Despite what you get led to believe if you listen to the 'product experts', you do not need to get a degree in computer science and then get hired by Facebook, Google or Apple in order to become a product manager.
Product Managers come from all walks of life, and wherever people are in their careers now, there are routes into product management.
I was a recruiter, before moving across in the same organization to work as a project manager overseeing the building of recruitment websites. From here I then worked with people to support them in developing the strategy for their websites which sold their products, and eventually I was approached to come and oversee a product of my own.
I've been speaking to product people about their journeys into product management and there are some common threads on how they go about getting their first role.
Luke Frayling is a Senior Product Manager for a healthcare software provider and he managed to get his first product management role by working closely with the existing product team.
"In my support roles I worked very closely with the product team, which gave me the opportunity to learn more and more from them, until an opening came up in their team, which I applied for and got."
And it's this approach of working within an existing organization and transitioning across departments that is a common thread in stories of people getting started. It was similar for Andrea Hon as she moved across from Business Analysis, Amit Manchanda as he moved from being a researcher into product, and Ryan Burgoon who was in a systems operations role.
So it pays to work out who in your organization is responsible for product hires, and then see how you can either work alongside them in your current role, or how you can find time to shadow or having learning sessions with them.
Once you've got your name known, then should opportunities arise then it becomes easier to find yourself on the list of potential hires.
Once in a product role for the first time, there will always be challenges, but again, there are often common threads as to what these challenges are. Knowing this then allows you to prepare for the day when you walk into a role as a product manager.
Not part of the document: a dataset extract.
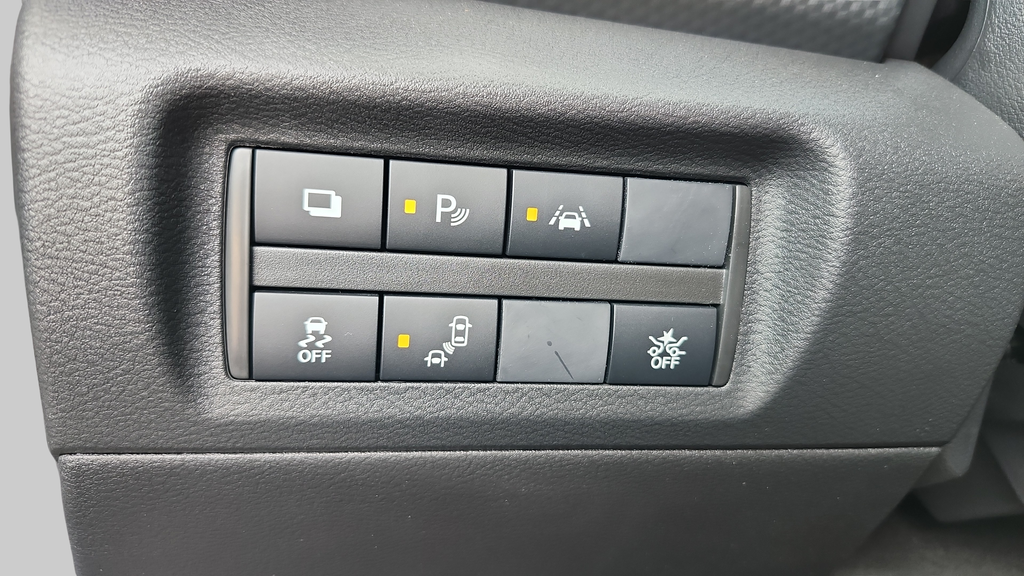 2025 Nissan Kicks Play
Ryan Burgoon says "I didn’t know how they organized work, Scrum/Agile, how to get useful feedback from customers, how to gather data and use it to make decisions, but the biggest surprise was my lack of business acumen.", whilst Alfonso Fiore, who is now Head of Product at AirAsia said "I started when I was much older (30+) so I was a weird mix of senior and junior. Initially nobody explained to me how to write user stories or run a standup or run any other agile meetings, so I had to figure out all these things by myself."
Some find time management a challenge due to the sheer breadth of work required in product management (Ravi Sandhu), whilst others found the need to focus on the customer rather than the solution a challenging change in mindset (John Dunn).
Whatever it is, by doing some research before hand on the role, team and organization, and then preparing as much as you can, you'll at least give yourself a great chance at hitting the ground running. You will face some challenges along the way, but if we wanted things to be easy, we wouldn't want to work in product management.